Why not implement some simple rules?
1. President does not sign checks,
2. President does not sign contracts
3. Building manager (either self managed as we are, or from a management firm) does not sign checks.
4. Building manager (either self managed as we are, or from a management firm) does not sign contracts.
5. No use of credit card to pay any routine bills whatsoever, except minor purchase, e.g.; less than $200 per month (as some online web sites will only accept cards or other automated payment service).
6. Building manager must sign every invoice that is presented for payment.
7. With six board members, four are authorized to sign checks.
8. All payable and salary checks must be signed by two board members.
9. All payable checks are accompanied by the original invoice.
10. Board members can challenge any check and obtain an explanation.

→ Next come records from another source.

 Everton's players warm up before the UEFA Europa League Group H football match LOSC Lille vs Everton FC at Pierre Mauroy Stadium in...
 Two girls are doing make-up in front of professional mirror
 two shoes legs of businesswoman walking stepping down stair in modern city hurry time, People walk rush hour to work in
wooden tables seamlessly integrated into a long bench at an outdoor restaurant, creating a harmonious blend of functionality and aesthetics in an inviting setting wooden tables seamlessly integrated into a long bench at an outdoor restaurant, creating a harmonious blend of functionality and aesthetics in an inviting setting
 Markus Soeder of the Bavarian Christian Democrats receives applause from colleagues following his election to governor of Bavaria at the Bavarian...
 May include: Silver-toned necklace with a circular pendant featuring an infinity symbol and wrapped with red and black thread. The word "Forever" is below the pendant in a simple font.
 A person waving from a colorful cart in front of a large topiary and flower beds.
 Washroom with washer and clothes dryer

11. Two accounts payable runs each month. These are for all invoices received by the 25th of the preceding month and the first is generated around the 8th. Why the 8th? Our maintenance and assessment (yes, we have assessments every year and it is collected during ten of twelve months of the year) payments are due by the 10th. In this way our funds with the bank remain relatively constant. The second run is towards the end of the month for any payments, we really need to make.

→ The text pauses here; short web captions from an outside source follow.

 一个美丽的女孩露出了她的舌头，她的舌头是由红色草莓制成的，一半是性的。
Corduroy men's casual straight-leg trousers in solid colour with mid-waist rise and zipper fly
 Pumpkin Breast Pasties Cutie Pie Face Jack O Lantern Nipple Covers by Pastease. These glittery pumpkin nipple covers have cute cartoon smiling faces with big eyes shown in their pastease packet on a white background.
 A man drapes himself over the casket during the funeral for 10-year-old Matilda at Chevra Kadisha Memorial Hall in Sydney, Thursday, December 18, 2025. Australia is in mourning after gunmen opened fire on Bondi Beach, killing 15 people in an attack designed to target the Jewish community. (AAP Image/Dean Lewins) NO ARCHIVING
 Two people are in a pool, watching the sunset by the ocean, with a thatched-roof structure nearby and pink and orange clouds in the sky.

12. Original checks returned by the banks are reviewed by the treasurer every month.
13. All board members receive a complete check register every month with all payees and amounts.

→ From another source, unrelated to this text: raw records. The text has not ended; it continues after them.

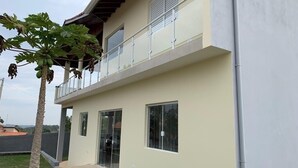 A two-story building with a balcony, large windows, and a small garden area. - Spacious and cozy country house to welcome your family. (Alumínio)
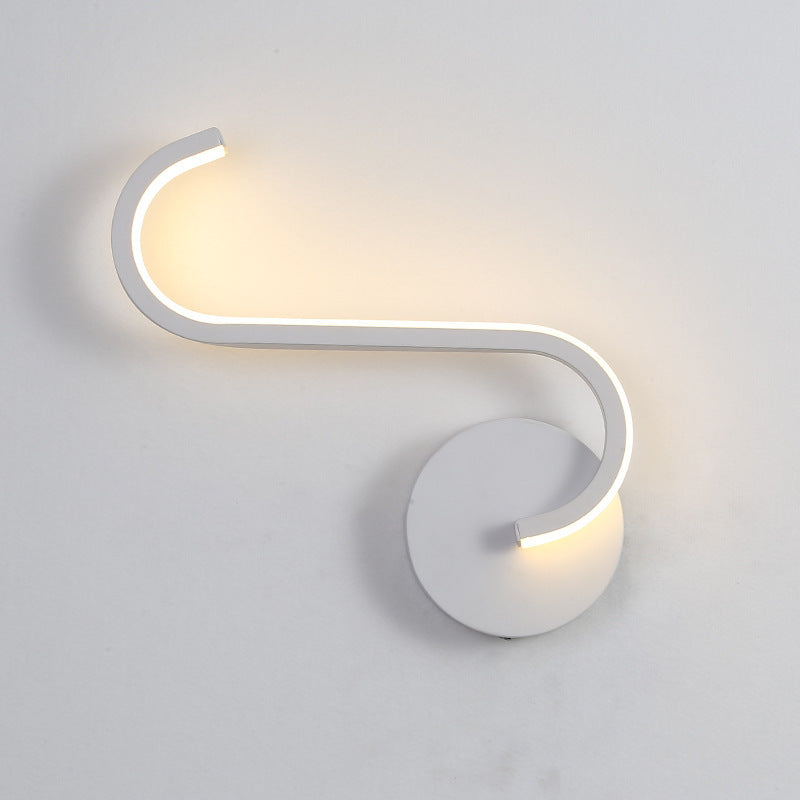 White LED wall lamp with circular backplate and bent C-shaped light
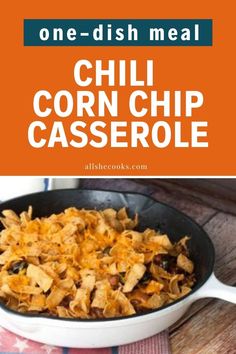 a skillet filled with chili corn chip casserole on top of a wooden table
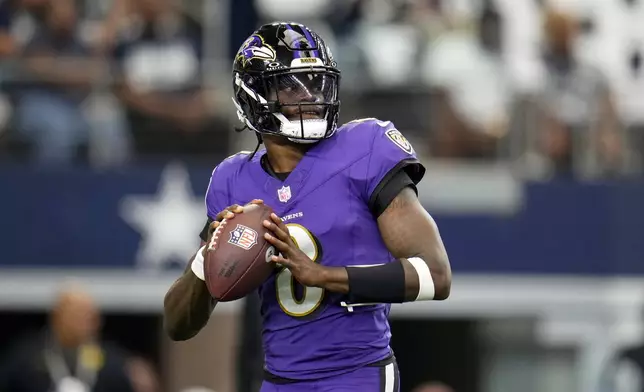 Baltimore Ravens quarterback Lamar Jackson warms up before an NFL football game against the Dallas Cowboys in Arlington, Texas, Sunday, Sept. 22, 2024. (AP Photo/Julio Cortez)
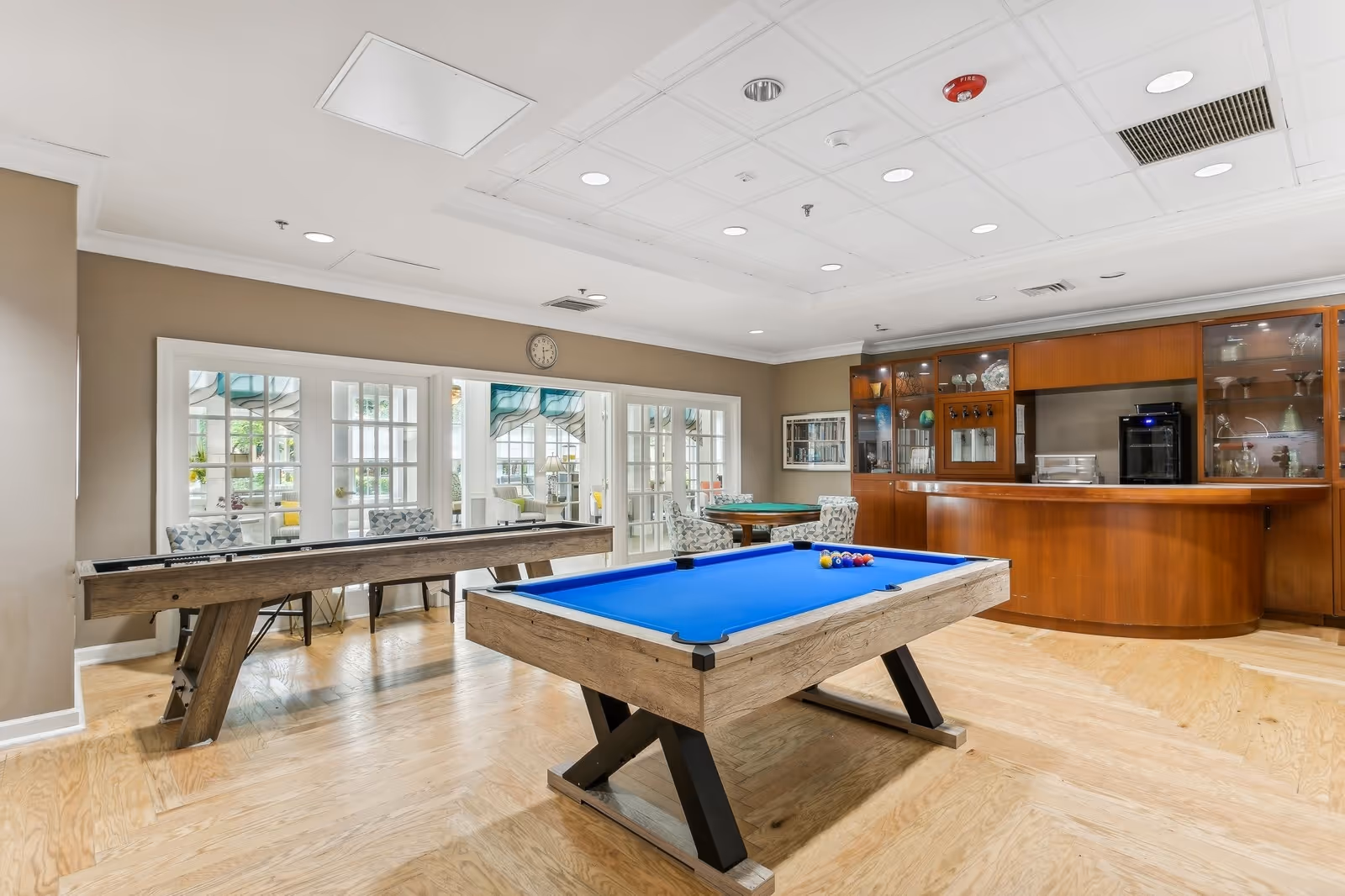 A bright recreational room featuring a blue felt pool table and a shuffleboard table on a wooden floor. The room has beige walls, a white ceiling with recessed lighting, and a wooden bar area with glass cabinets displaying glassware. There are several chairs and a small round table near large windows and glass doors that lead to an outdoor patio area.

14. All board members and outside counsel receive a complete listing of arrears, simple and aged every month.
15. All board members receive a use of funds report every month.
16. All board members receive a budget vs. actual comparison by month and year to date every month.
17. All board members receive a trial balance every month.
18. All board members and outside counsel receive a management report prepared by the building manager every Friday listing events (normal and unusual), letters, received, government activities, forecast of capital work and major repairs.
19. All our consumables must be purchased from a round robin of firms so that no one firm has a corner on all our purchases such that there is a lessened inclination for any kickbacks.
20. Our outside engineering firm monitors all major expenditures and certifies all work as complete, or partially complete as scheduled, before we make any payments.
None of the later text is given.